Thursday, February 15, 2007


Teve um mau pressentimento. Depois de cada palavra arriscada, da única vontade sincera. Pensou novamente no texto dito, atreveu-se a rebobinar o tempo, talvez algum detalhe desapercebido. Sentada outra vez, intrigada com a falta de honestidade, a conveniência da amizade que serviu um dia. “Fui útil”, tornou a repetir, sussurrando. “Fui, só”. E, enquanto articulava o pensamento, não sabia dizer se o ‘só’ era advérbio ou adjetivo. Tomou a caneta nas mãos e escreveu. Primeiro: “fui, só”. “Fui só”, então. Esse sentido que as coisas ganham fora da gente, sendo escape de um medo daqui de dentro. Aumentou o volume: podia cantar cada letra com força imprevista. Esperou o refrão, ficava excitada quando uma música esclarecia o mundo carente de sentido. Don't believe in yourself / Don't deceive with belief / Knowledge comes with death's release / Ohhh, ooohh. Escorreu a lágrima, a segunda desde o início da canção. Infinita, contadas todas as repetições. Quieta, em busca de um pedaço em falta, especulando até onde iria. “Até onde eu vou?”. Jamais imaginara. O mundo é feito de maldade e ilusão. Quando não houver mais nada, saberei tudo. Chorou mais um pouquinho, num quase pranto já. Lembrou quando, acidentalmente, escapou um “falabra”. Sem graça, no canto esquerdo da classe. “Esqueci a falabra, professora”. E riram. Porque as pessoas riem, entristecidas com a própria falta de graça. O nome ondulado, com dobras e voltas que tocam o céu da boca. Quando entrou, no primeiro dia de aula, apresentou o nome, ouviu alguma falação. Sentou, distante; desenhou toda a primeira fila. Depois, passou para a segunda. Experimentou o professor de Química, o Rafael. Soube sempre: o desenho perfeito como complemento do que não entra no papel.
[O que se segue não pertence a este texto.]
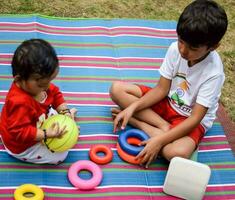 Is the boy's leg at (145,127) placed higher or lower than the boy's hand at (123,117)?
lower

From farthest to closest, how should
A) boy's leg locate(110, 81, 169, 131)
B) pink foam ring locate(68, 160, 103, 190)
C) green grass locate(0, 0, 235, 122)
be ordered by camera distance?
green grass locate(0, 0, 235, 122)
boy's leg locate(110, 81, 169, 131)
pink foam ring locate(68, 160, 103, 190)

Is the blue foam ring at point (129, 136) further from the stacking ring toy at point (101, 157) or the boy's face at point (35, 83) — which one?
the boy's face at point (35, 83)

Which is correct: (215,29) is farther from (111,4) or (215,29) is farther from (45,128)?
(111,4)

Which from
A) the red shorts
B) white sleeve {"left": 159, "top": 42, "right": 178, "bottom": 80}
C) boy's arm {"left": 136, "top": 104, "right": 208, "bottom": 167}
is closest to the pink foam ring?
boy's arm {"left": 136, "top": 104, "right": 208, "bottom": 167}

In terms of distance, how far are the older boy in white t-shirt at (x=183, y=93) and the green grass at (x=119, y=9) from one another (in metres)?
0.92

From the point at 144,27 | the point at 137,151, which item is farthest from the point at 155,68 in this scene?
the point at 137,151

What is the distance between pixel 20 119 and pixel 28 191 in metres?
0.37

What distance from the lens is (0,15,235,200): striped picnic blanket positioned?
229cm

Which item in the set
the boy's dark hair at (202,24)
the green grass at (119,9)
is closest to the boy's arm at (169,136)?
the boy's dark hair at (202,24)

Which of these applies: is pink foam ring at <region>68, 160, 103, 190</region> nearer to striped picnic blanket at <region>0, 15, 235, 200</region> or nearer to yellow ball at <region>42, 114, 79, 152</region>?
striped picnic blanket at <region>0, 15, 235, 200</region>

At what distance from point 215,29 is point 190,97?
45 centimetres

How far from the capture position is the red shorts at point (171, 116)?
248cm

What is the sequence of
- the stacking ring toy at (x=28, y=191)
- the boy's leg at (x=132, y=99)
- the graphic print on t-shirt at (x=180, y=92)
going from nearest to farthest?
the stacking ring toy at (x=28, y=191), the graphic print on t-shirt at (x=180, y=92), the boy's leg at (x=132, y=99)

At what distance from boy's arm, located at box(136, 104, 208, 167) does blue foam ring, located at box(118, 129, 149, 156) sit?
0.05 m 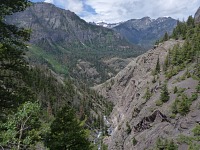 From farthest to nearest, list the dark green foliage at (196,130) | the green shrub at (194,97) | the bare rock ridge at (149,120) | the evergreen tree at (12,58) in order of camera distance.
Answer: the bare rock ridge at (149,120) < the green shrub at (194,97) < the dark green foliage at (196,130) < the evergreen tree at (12,58)

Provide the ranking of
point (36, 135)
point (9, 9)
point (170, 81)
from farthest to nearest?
point (170, 81)
point (36, 135)
point (9, 9)

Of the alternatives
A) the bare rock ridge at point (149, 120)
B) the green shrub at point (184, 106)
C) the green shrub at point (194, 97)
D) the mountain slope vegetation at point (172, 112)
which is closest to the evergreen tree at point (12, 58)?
the mountain slope vegetation at point (172, 112)

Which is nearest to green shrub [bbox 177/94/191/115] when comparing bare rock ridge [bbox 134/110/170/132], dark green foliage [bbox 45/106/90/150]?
bare rock ridge [bbox 134/110/170/132]

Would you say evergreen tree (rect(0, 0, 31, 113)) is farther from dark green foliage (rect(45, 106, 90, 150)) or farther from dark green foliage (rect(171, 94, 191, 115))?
dark green foliage (rect(171, 94, 191, 115))

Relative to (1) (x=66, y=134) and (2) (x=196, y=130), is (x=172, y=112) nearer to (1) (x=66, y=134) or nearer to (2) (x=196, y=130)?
(2) (x=196, y=130)

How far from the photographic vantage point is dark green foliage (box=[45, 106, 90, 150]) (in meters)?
19.1

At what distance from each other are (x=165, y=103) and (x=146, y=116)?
6.80m

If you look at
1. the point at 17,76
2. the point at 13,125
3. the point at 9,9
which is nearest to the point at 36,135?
the point at 17,76

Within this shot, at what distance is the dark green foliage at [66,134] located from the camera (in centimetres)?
1908

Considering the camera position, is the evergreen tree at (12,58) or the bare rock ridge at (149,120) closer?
the evergreen tree at (12,58)

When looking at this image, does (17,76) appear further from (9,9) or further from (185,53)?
(185,53)

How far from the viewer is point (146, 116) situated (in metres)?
70.9

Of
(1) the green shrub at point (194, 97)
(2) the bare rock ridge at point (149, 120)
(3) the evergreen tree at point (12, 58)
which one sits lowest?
(2) the bare rock ridge at point (149, 120)

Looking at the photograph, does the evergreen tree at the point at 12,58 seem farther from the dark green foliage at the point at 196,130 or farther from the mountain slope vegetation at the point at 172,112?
the dark green foliage at the point at 196,130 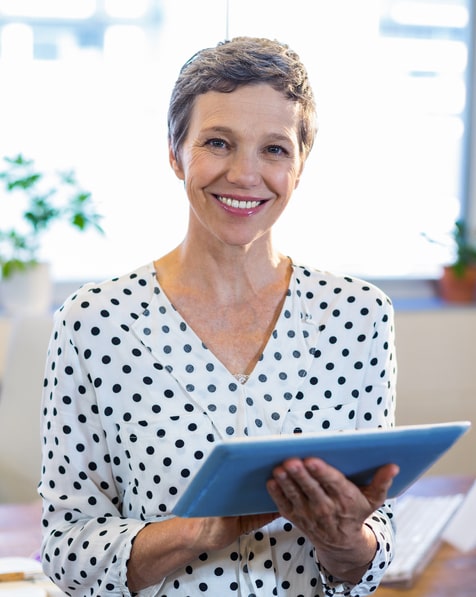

O melhor namorado foi em giz de cera, em cores quentes, sem qualquer gradação. Era quando sou sincera. Pensou mais. Andava atrapalhada, ansiosa com o legado que seria seu. Posso tanto, disseram. Ganhei amigos por causa do traço e da poesia. Perdi amigos, seguiu; a arte é um risco sem fim. Inteligente, isso eu sei... Mas e daí? E, então, cedia, outra lágrima acumulava, e a poesia duplicava. Estou para ser, inteira, sem censura. O conflito: atravessar o mundo, sem partir ao meio. Eu, mais que ele. O olho castanho, o olhar infinito, deita um arco-íris lá dentro. As coisas que eu vejo. Que ninguém vê. Os medos que eu sinto. Um dia, desejou, vou acordar descansada. A recompensa por ter acreditado em anjo.